No konsoli dostępna było wersja tylko z nową grafiką, nie można było przełączyć na klasyczną wersję grafiki co ostatecznie ma być dostępne.
Często też zdarzały się lagi, czyli „teleportacje” mojego bohatera (i nie mam na myśli tej umiejętności Czarodziejki). Raz tylko miałem błąd połączenia. Oczywiście jest to związane z obciążeniem serwerów i to właśnie po sprawdzenie ich wydajności było jednym z powodów udostępnienie otwartej bety. Na 99% po premierze będzie to wyglądało lepiej.
Pusto wszędzie, głucho wszędzie.
Diablo 2 to dla mnie przede wszystkim gra w multiplayer. Społeczność wykreowana wokół tej gry była swego czasu ogromna. Liczne rajdy, handel czy przede wszystkim budowanie przyjaźni. To była moc D2, która przyciąga na długie godziny (no poza liczeniem, że za 48 razem z bossa wypadnie jakiś unikalny legendarny przedmiot albo runa). W Diablo 2 Resurrected Beta tego zabrakło. Pomimo iż była to otwarta beta, czyli każdy mógł ją pobrać i grać za darmo to na serwerach były pustki.
W grze nie mamy widocznych wszystkich dostępnych serwerów tylko zaimplementowano system automatycznego dołączania do gry. Nie działa to najlepiej.

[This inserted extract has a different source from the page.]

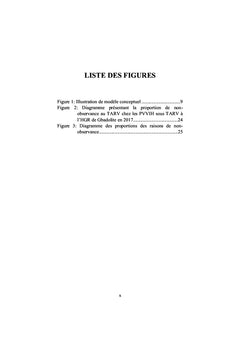 Les déterminants de non-observance au traitement antirétroviral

Raz tylko udało mi się dołączyć do kogoś kto akurat przechodzi ten sam quest co ja i raz ktoś do mnie dołączył. Zakładam, że winny tutaj jest algorytm wyszukiwania gier a nie brak zainteresowania grą.
Brakuję jakiegoś lobby i czatu, w którym możemy się komunikować albo chociaż przeglądać aktualne rozgrywki. Jeśli nie mamy znajomych, którzy też grają w D2 to ciężko będzie znaleźć kompanów do gry nie posiłkując się stronami zewnętrznymi jak reddit czy grupy na Facebook’u.
Sterowanie padem na konsolach
Generalnie sterowanie padem jest bardzo okej, nawet byłem trochę zdziwiony jak świetnie to się sprawdza. Niemniej zdarzają się pewne problemy zwłaszcza przy zbieraniu przedmiotów. Złoto zbieramy automatycznie, ale to nie jest akurat bardzo pożądany surowiec w grze. Prawdziwą walutą w grze to przedmioty legendarne i runy. Gdy mamy ich mnóstwo na ziemi to ciężko wycelować w ten konkretny który akurat chcemy podnieść, szczytem było zablokowanie “złotej” kuszy dla mojej amazonki, która wypadła z Andariel. Kusza była praktycznie obok portalu prowadzącego z komnaty Andariel do Obozowiska Łotrzyc (otwiera się automatycznie) i nie dało jej się za Chiny podnieść. Gdy to próbowałem zrobić to wchodziłem w portal i klops.

Czy nadal czekam na pełną wersję?
Oczywiście! I kupię ją na premierę na Nintendo Switch. Zastanawiam się tylko czy aby na pewno odniesie ona sukces. Mechaniki mogą wydawać się dość toporne i niezbyt rozbudowane, zwłaszcza dla młodych graczy. Mam obawę, że większość kupi D2R z sentymentu, pogra trochę po czym porzuci (w sumie całkiem możliwe, że będzie tak i ze mną). Nowych graczy raczej nie przekona do siebie.